▶ **Data**:
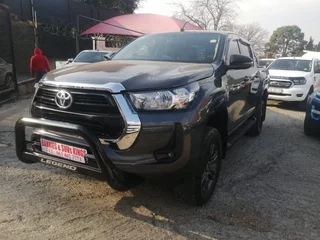2024 Toyota Hilux 2.4 GD-6 D/Cab AT, Excellent condition, full service R445000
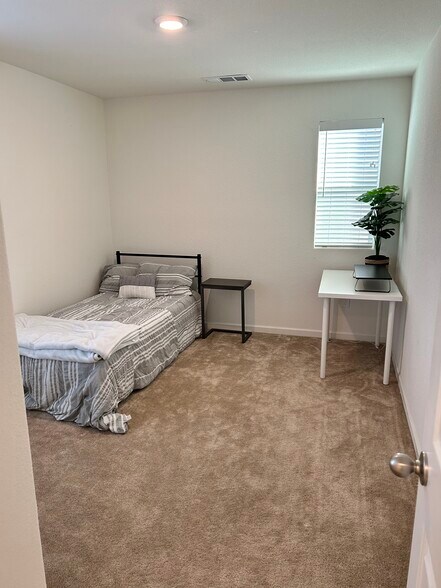 Building Photo - 8836 Sheldon Terrace Ln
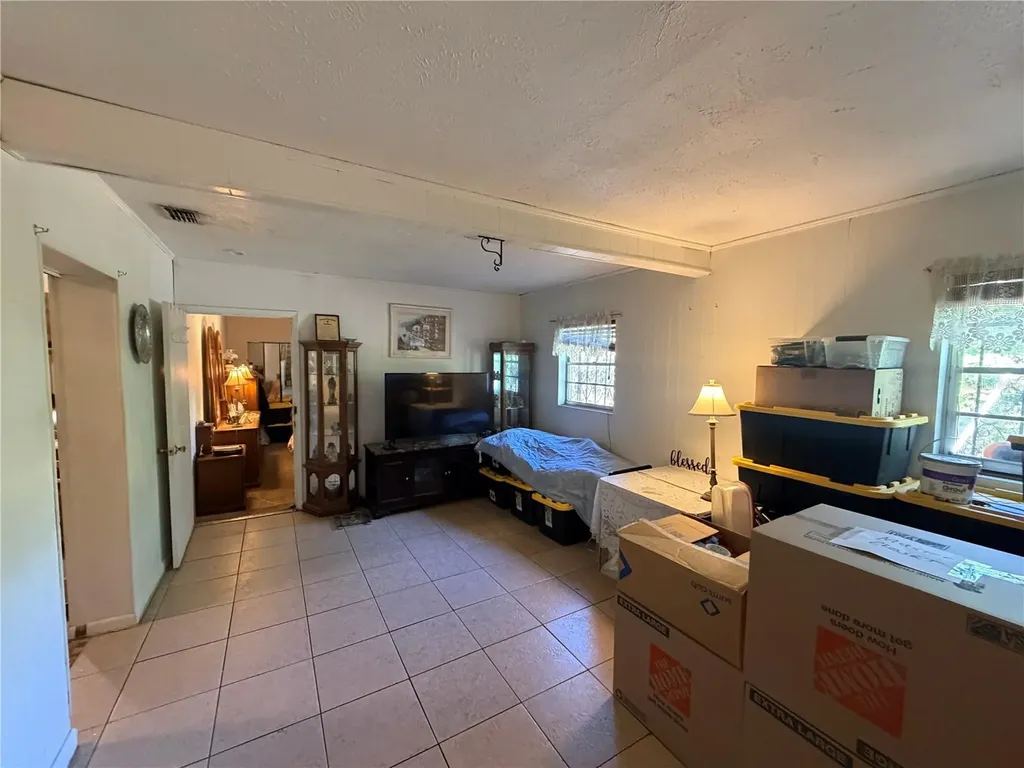 2010 E Chelsea Street Tampa FL 33610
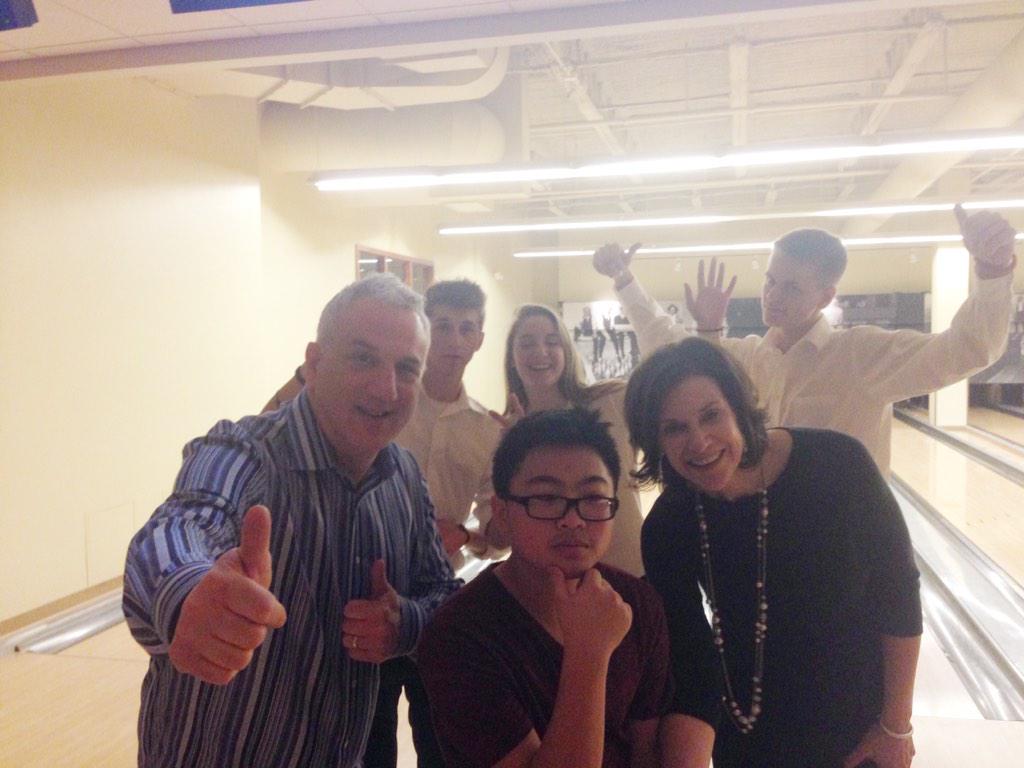 mitzvahbouncers's tweet photo. Had a striking evening at Isaac's bowling party! Big mazel tov to the Krug family! #MitzvahBouncesMN http://t.co/hug0Y8u0Re
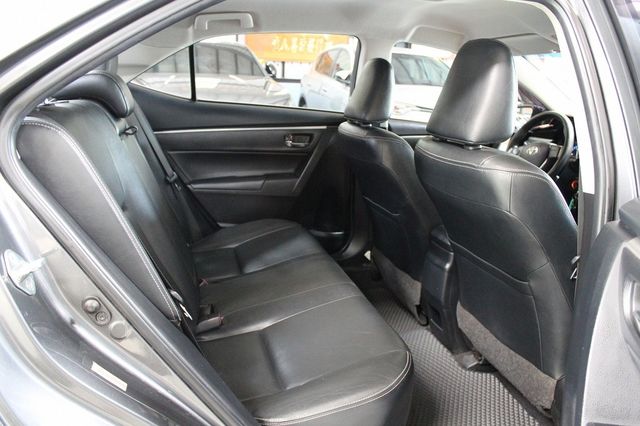 TOYOTA豐田 ALTIS  第7張相片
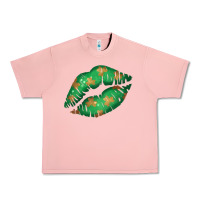 Salmon St. Patrick's Day Lip Urban Heavy Tee - Jasminsmagicworld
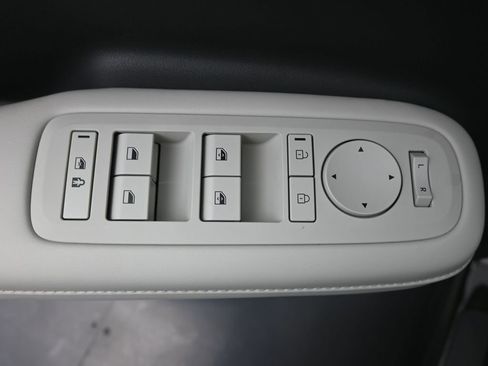 Used 2026 Hyundai Santa Fe SEL FWD image 25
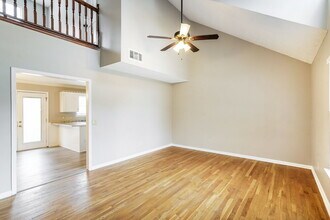 300 Vernon Traylor Dr in Smyrna, TN - Building Photo - Building Photo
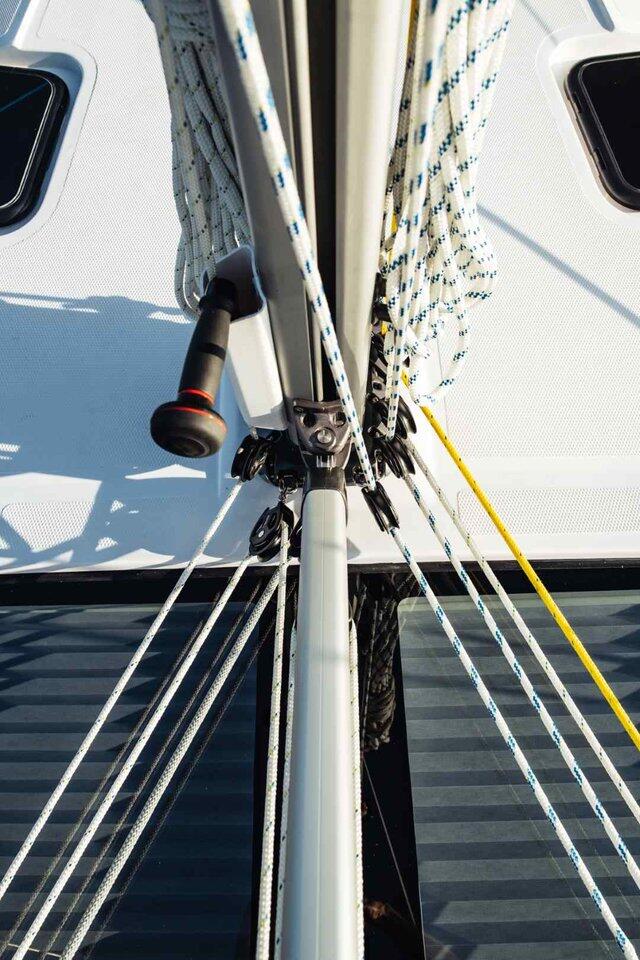 Sailing yacht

▶ **About this exercise**: Omit the pictures and retype exactly the lines from the one containing "Salmon St. Patrick's" through the end of the entries above.

▶ **Result**:
 Salmon St. Patrick's Day Lip Urban Heavy Tee - Jasminsmagicworld
 Used 2026 Hyundai Santa Fe SEL FWD image 25
 300 Vernon Traylor Dr in Smyrna, TN - Building Photo - Building Photo
 Sailing yacht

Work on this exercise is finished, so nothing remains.